What they found was not encouraging. They were indeed in some kind of storeroom, though whatever had been kept in here once was long gone, leaving only dust. The walls were smooth stone, cut straight from the bedrock, and came to an end just above Salim’s head with a ceiling of the same style. The entire room was no more than twelve feet across in either direction, and everywhere S
alim knocked, his fist struck with the dull report of solidity—if there were other chambers neighboring this one, there was plenty of stone between them. The door was nearly as stout, and though Salim knew little enough about locks—personally, he was more fond of kicking doors down—the little he could feel of the keyhole and the blank plate surrounding it told him the church hadn’t skimped on security.
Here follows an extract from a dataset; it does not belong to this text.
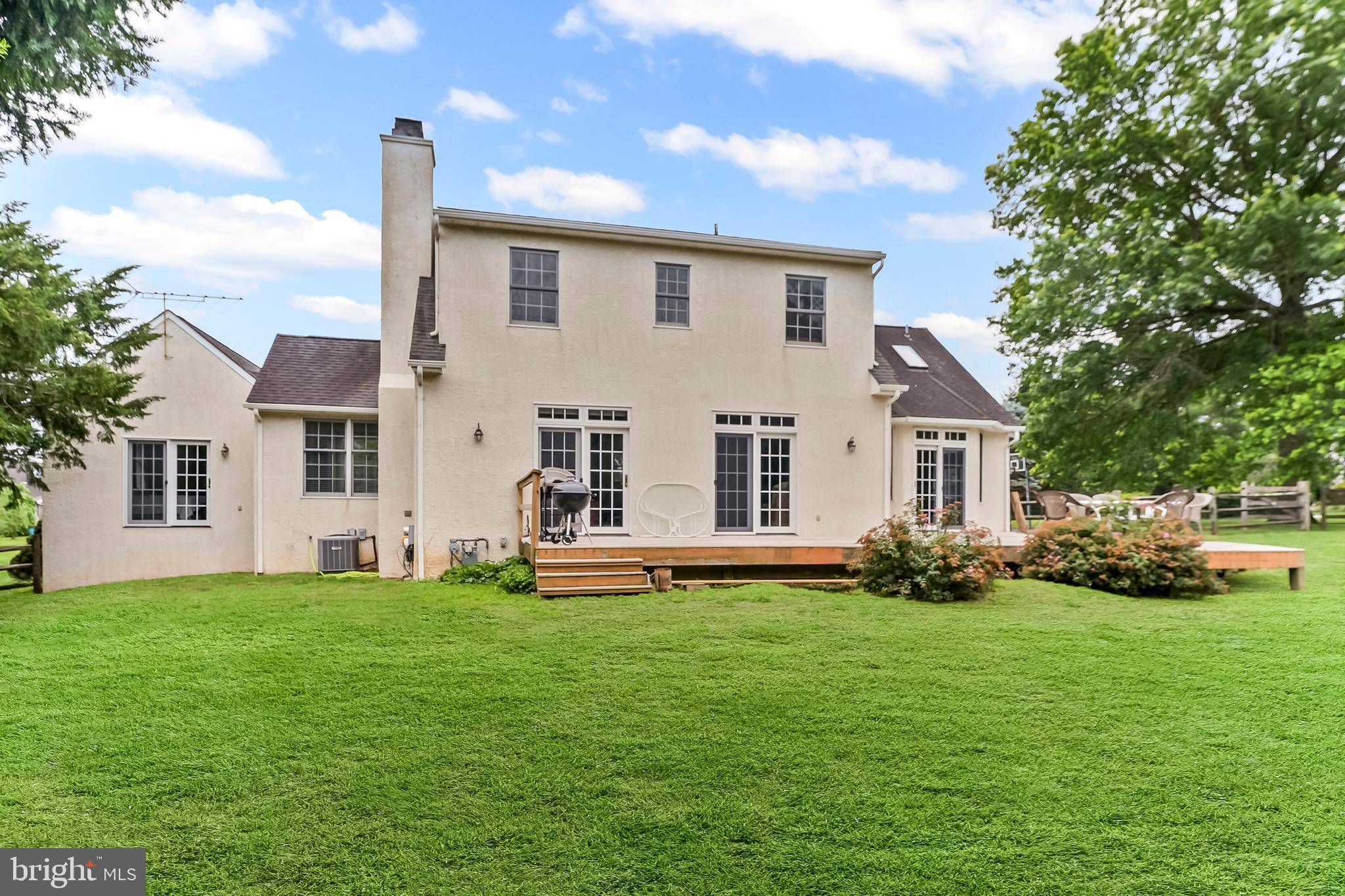 Chester Heights, PA 19017,384 LENNI RD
Their supply situation was even worse. In tallying up what they’d been left with, it became clear that they’d both been searched with remarkable efficiency. Salim was momentarily surprised, then realized that men who prepared corpses for a living were probably quite used to checking over inert bodies, making sure that no one was accidentally buried with a potential contribution to the church coffers still in his pockets. Though they’d been left their clothes—certainly no one would want to be accused of impropriety at an execution—everything else that might be useful had been rooted out and removed. In addition to their weapons and belt pouches, the priests had taken Salim’s magical amulet and both of their sets of shoes. They’d even removed the ribbon that had helped lace up the neck of Neila’s dress. Perhaps they thought she’d try to garrote someone with it, or strangle herself and rob them of their justice. Somehow Salim doubted Khoyar was overly worried about the latter. But other than the two prisoners and the clothes on their backs, the cell was empty, without so much as a basin to relieve themselves in.
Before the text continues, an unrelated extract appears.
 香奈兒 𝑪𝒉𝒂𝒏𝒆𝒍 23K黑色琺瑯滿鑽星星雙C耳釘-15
When they were done searching both the walls and themselves, the two inmates hunkered down next to each other, listening at the door. After several minutes of perfect silence, they gave up. Either there was some sort of magic blocking the sound or, more likely, Khoyar hadn’t bothered to set a guard directly in front of the door. It was, in retrospect, a wise choice—any guard that could communicate with them might be convinced to hear them out, and they were bottled tight as it was.